### Instructions for the task
From the first line to the last, output the records exactly and drop any images.
Excerpted data Block Start
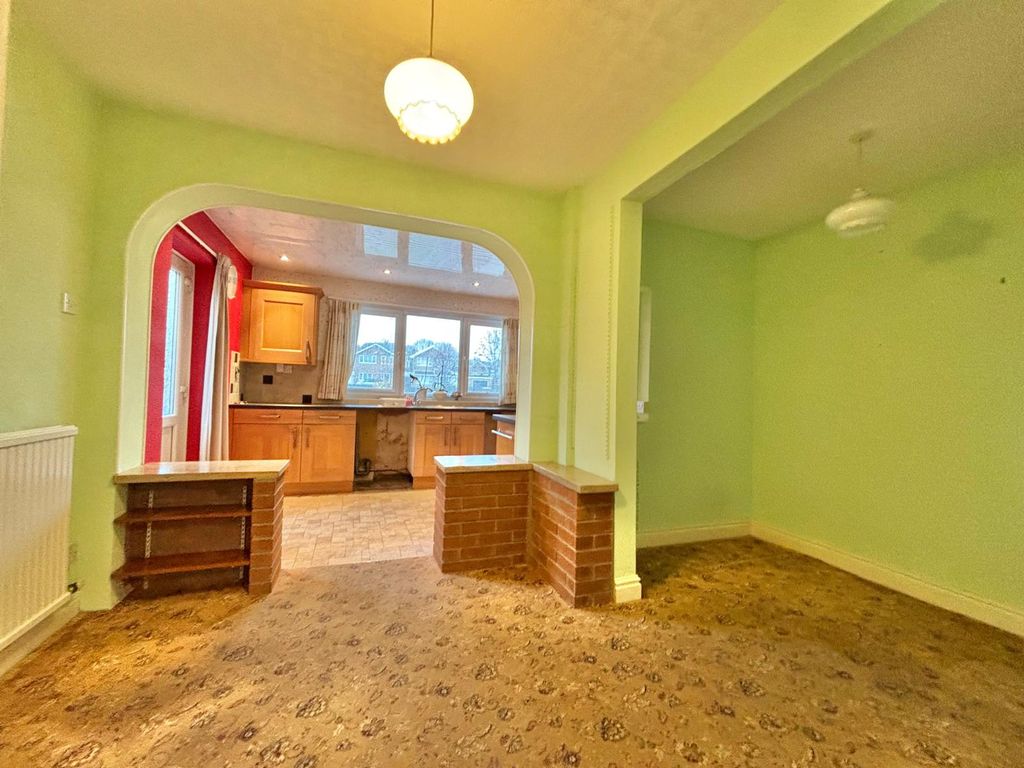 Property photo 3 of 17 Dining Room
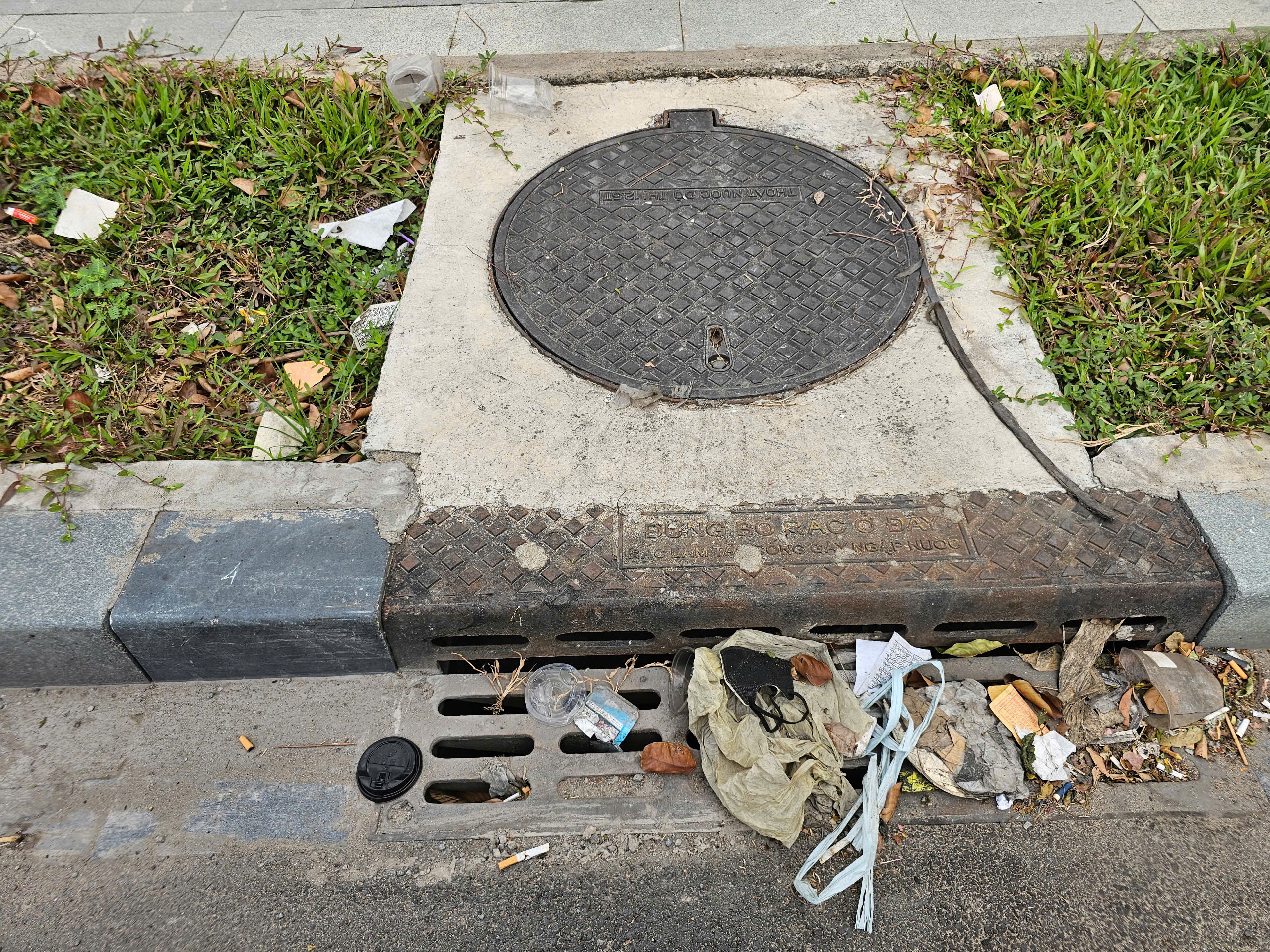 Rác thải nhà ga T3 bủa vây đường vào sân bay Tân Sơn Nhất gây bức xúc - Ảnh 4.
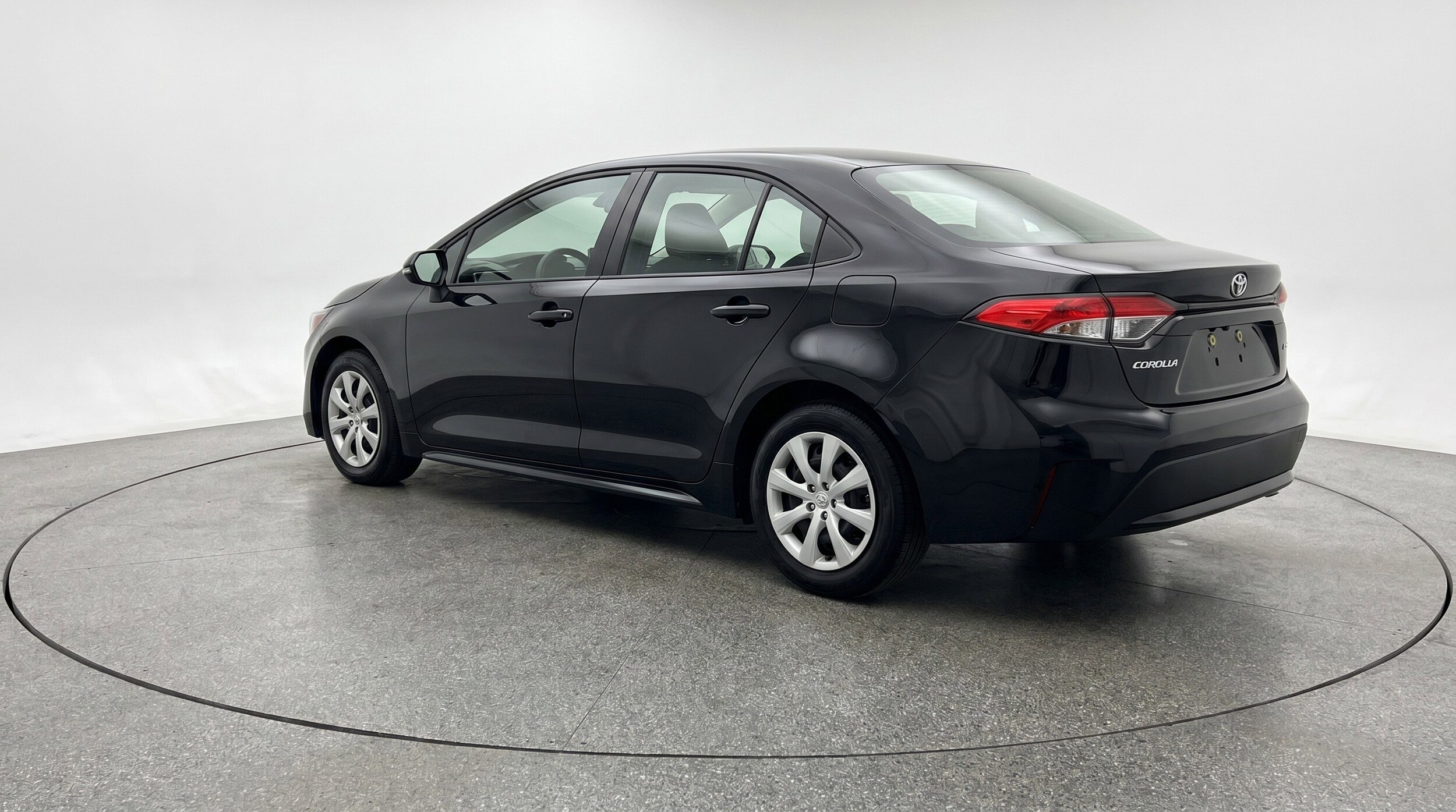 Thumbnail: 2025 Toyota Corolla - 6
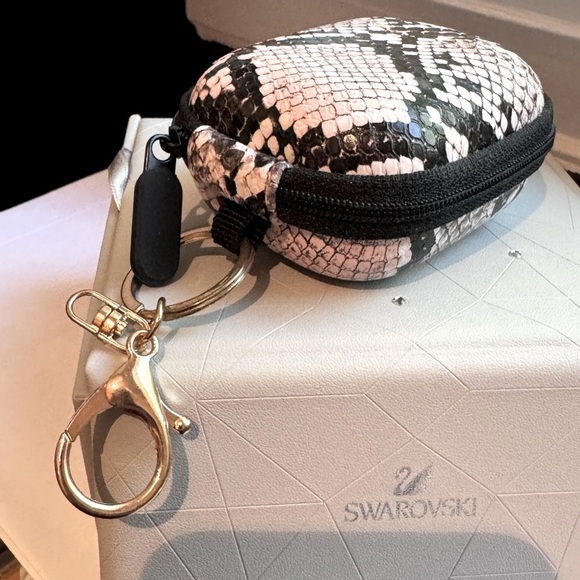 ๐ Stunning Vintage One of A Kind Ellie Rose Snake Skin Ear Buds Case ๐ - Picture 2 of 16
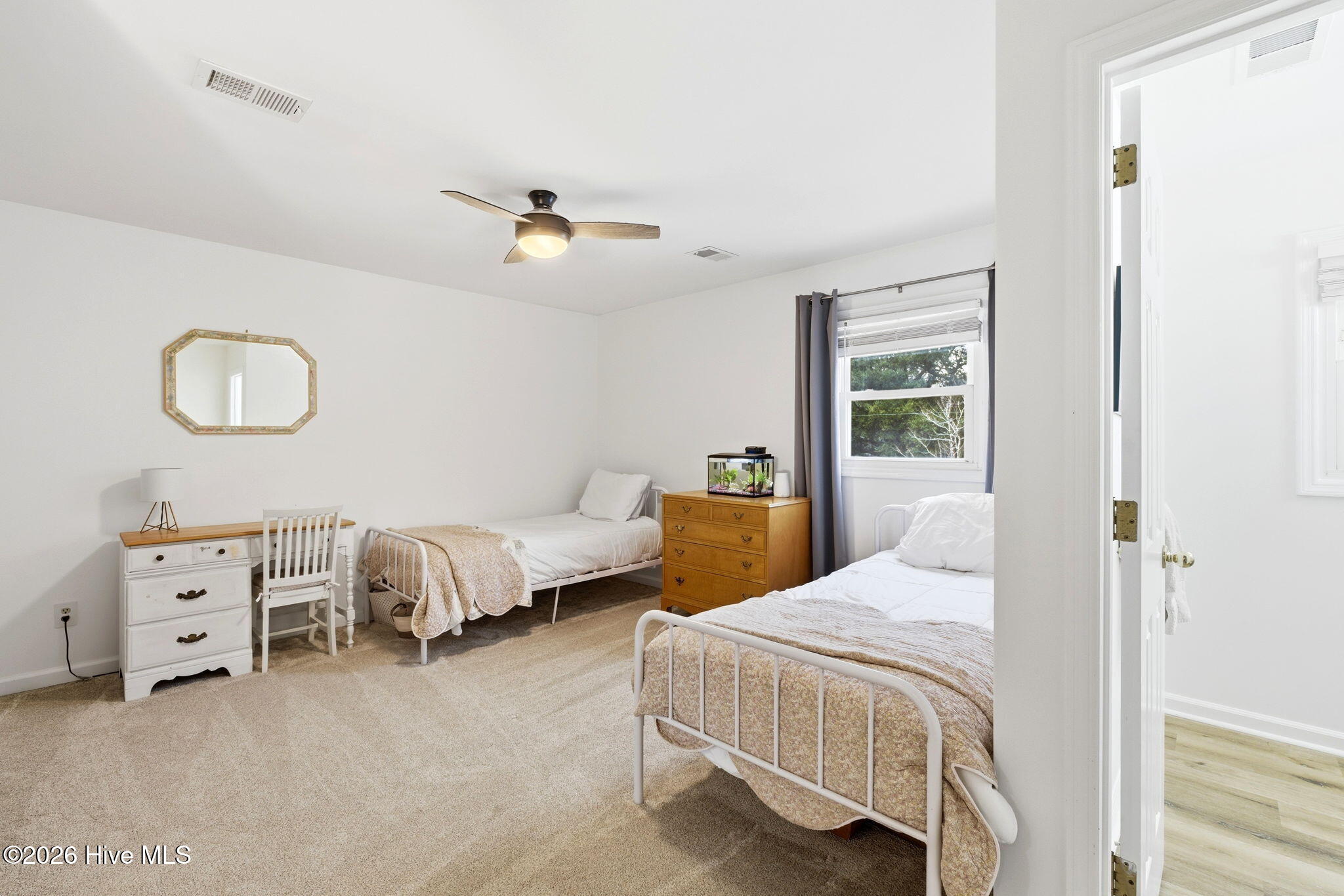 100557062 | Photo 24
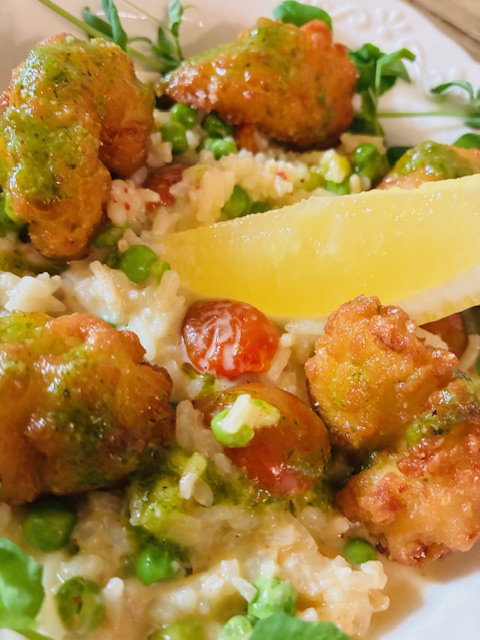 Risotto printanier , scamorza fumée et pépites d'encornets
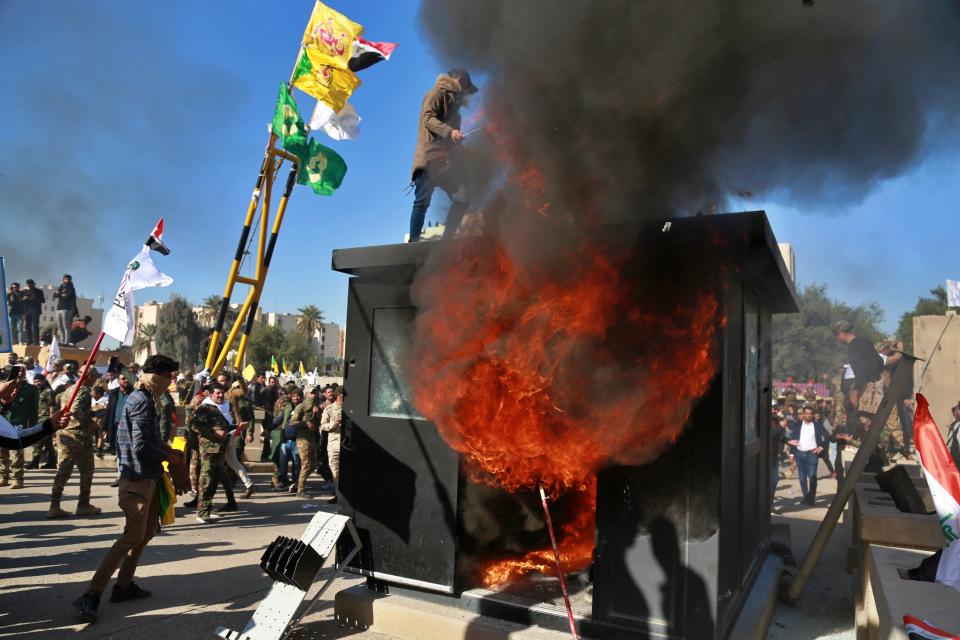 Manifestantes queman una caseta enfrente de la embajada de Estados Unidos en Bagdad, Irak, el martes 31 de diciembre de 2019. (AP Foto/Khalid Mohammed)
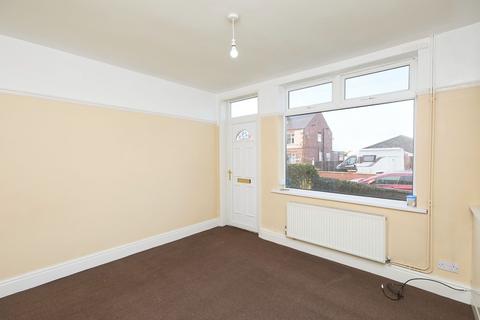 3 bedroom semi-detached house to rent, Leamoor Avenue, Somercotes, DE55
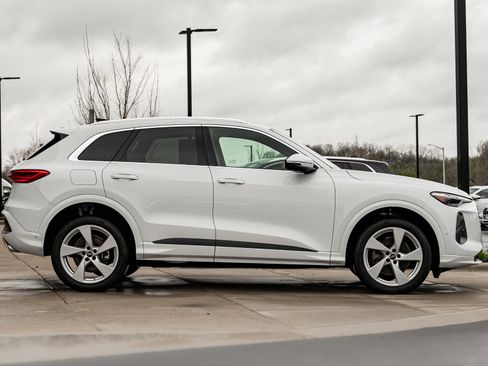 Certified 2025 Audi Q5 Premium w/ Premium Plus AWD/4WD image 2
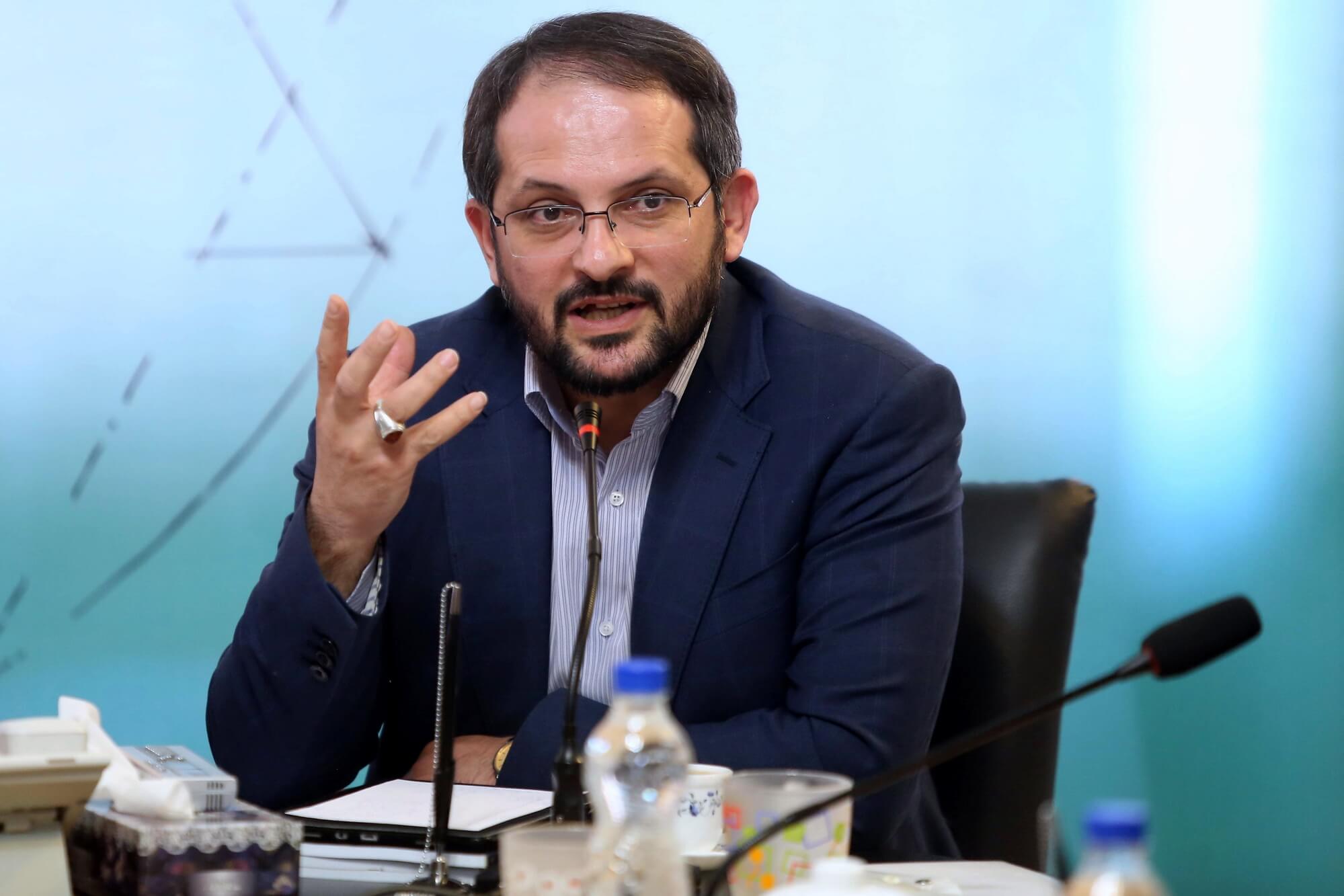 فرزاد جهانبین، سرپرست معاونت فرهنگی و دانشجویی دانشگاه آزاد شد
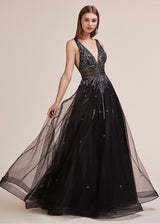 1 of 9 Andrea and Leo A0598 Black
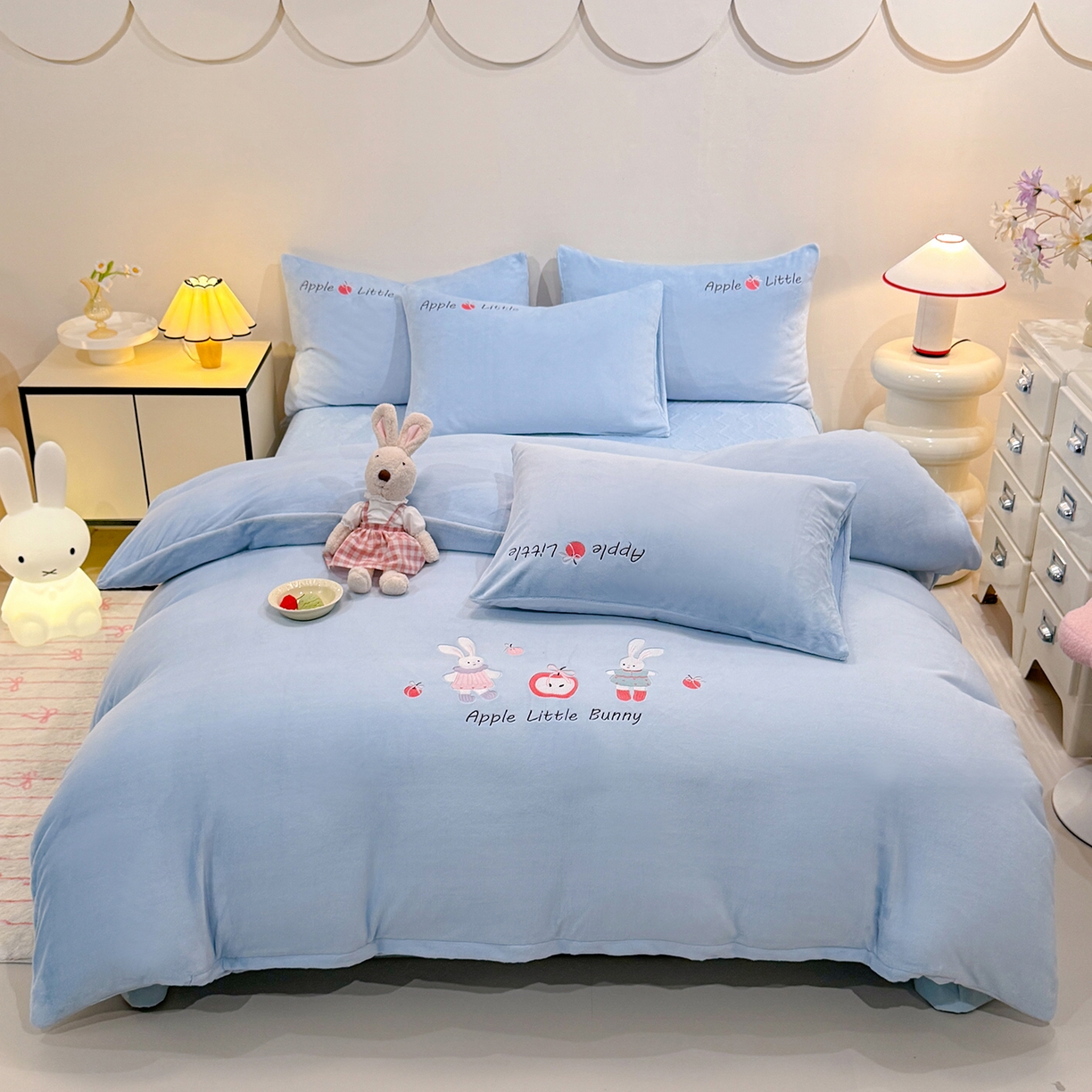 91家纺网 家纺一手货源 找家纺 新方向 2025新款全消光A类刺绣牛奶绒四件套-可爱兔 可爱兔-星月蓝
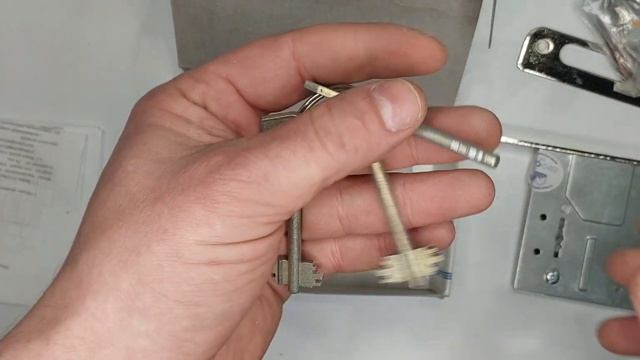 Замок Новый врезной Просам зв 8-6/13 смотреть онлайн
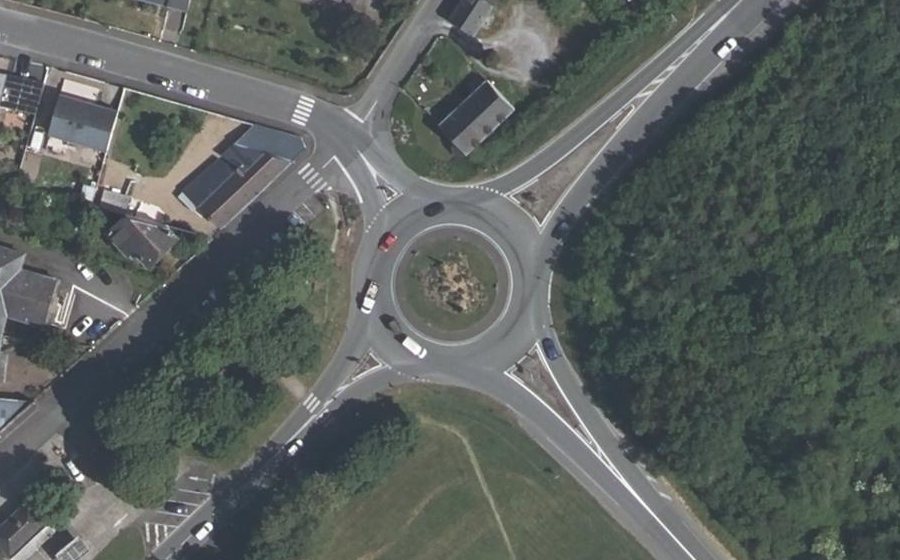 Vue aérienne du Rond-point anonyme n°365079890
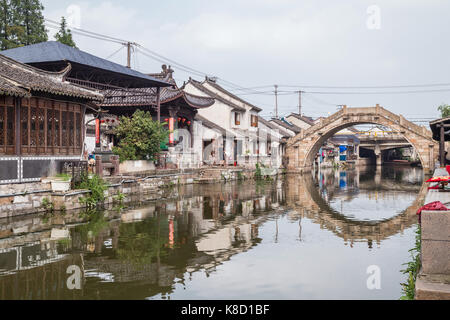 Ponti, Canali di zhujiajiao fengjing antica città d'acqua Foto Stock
Excerpted data Block End
### Result of this exercise
 Property photo 3 of 17 Dining Room
 Rác thải nhà ga T3 bủa vây đường vào sân bay Tân Sơn Nhất gây bức xúc - Ảnh 4.
 Thumbnail: 2025 Toyota Corolla - 6
 ๐ Stunning Vintage One of A Kind Ellie Rose Snake Skin Ear Buds Case ๐ - Picture 2 of 16
 100557062 | Photo 24
 Risotto printanier , scamorza fumée et pépites d'encornets
 Manifestantes queman una caseta enfrente de la embajada de Estados Unidos en Bagdad, Irak, el martes 31 de diciembre de 2019. (AP Foto/Khalid Mohammed)
 3 bedroom semi-detached house to rent, Leamoor Avenue, Somercotes, DE55
 Certified 2025 Audi Q5 Premium w/ Premium Plus AWD/4WD image 2
 فرزاد جهانبین، سرپرست معاونت فرهنگی و دانشجویی دانشگاه آزاد شد
 1 of 9 Andrea and Leo A0598 Black
 91家纺网 家纺一手货源 找家纺 新方向 2025新款全消光A类刺绣牛奶绒四件套-可爱兔 可爱兔-星月蓝
 Замок Новый врезной Просам зв 8-6/13 смотреть онлайн
 Vue aérienne du Rond-point anonyme n°365079890
 Ponti, Canali di zhujiajiao fengjing antica città d'acqua Foto Stock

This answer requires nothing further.